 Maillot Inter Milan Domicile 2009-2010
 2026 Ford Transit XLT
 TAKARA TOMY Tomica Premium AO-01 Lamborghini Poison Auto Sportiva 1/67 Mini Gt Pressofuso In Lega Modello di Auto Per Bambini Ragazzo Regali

Exercise aim ::
From the line containing "2026 Ford Transit XLT" to the last line of the listing, write everything out exactly. Nothing outside that stretch belongs.

Response area ::
 2026 Ford Transit XLT
 TAKARA TOMY Tomica Premium AO-01 Lamborghini Poison Auto Sportiva 1/67 Mini Gt Pressofuso In Lega Modello di Auto Per Bambini Ragazzo Regali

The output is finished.